C

Senior Scientific Data Engineer

Chemify
On-site
Glasgow, United Kingdom
Data Engineer

About Chemify

Chemify is revolutionising chemistry. We are creating a future where the synthesis of previously unimaginable molecules, drugs, and materials is instantly accessible. By combining AI, robotics, and the world’s largest continually expanding database of chemical programs, we are accelerating chemical discovery to improve quality of life and extend the reach of humanity.

Job Description:

We are seeking a Senior / Lead Scientific Data Engineer to lead the development of scalable, reliable data systems for scientific and experimental data.

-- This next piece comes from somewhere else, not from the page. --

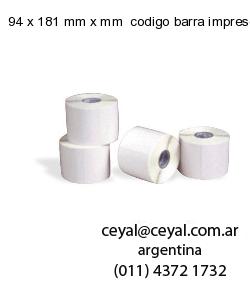 94 x 181 mm x mm  codigo barra impreso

You wlll architect and maintain pipelines that ingest, clean, and serve chemistry and drug discovery datasets, ensuring high performance and reproducibility. This role requires a strong foundation in Python, PostgreSQL, and modern data engineering practices and a keen interest in working in a cross-functional environment spanning software, chemistry, operations and program management.

​

If you enjoy problem solving complex technical challenges that make a real-world impact, are a natural communicator and are energized by working closely with scientists using cutting edge technologies, then we’d love to welcome you to our team.

​

​

Key Responsibilities:

​

  • Develop scalable data models and workflows covering a wide range of use cases in AI chemistry synthesis and manufacturing.
  • Lead on the architecture and optimisation of our data warehouse and data access layers, enabling our analytics team to rapidly deliver key operational insights.
  • Design, implement, and maintain robust data pipelines for a wide range of internal, client specific and literature-based data sets.
  • Develop scalable frameworks for data wrangling, transformation, and validation.
  • Define and champion data engineering best practices (versioning, testing, documentation, governance).
  • Enable feature teams with expertise on domain modelling and query optimisation.
  • Mentor junior colleagues, providing guidance on technical challenges.
  • Contribute to team-wide initiatives, including code reviews, design discussions, process improvements and workstream planning.

​

​

What you’ll bring:

  • BSc in scientific discipline.
  • 5+ years commercial Data Engineering experience, preferably within a Life Sciences or AI Drug discovery context.
  • Expertise in SQL/PostgreSQL (schema design, query optimisation, indexing, partitioning).
  • Experience enabling analytics teams by building data models for BI tools and dashboards.
  • Strong programming skills in Python, with experience in building and maintaining data-intensive applications.
  • Deep understanding of ETL concepts and building production-grade pipelines.
  • Experience orchestrating workflows and pipelines with Argo Workflows, Prefect or similar.
  • Familiarity with cloud-based data services (AWS/GCP/Azure).
  • Experience using AI-assisted coding and development tools (e.g. Claude Code, Cursor) as part of modern best practices.
  • Strong communication skills and a collaborative approach to mentoring and teamwork.

​

Beneficial Skills:

  • Interest in chemistry, manufacturing, or robotics.
  • Hands-on experience with scientific or drug discovery data (chemical, biological, or lab data).
  • Interest in semantic technologies (Graph Databases, Ontologies).
  • Exposure to ML engineering or high performance compute environments.
  • Experience with Infrastructure as Code such as Terraform and AWS CDK.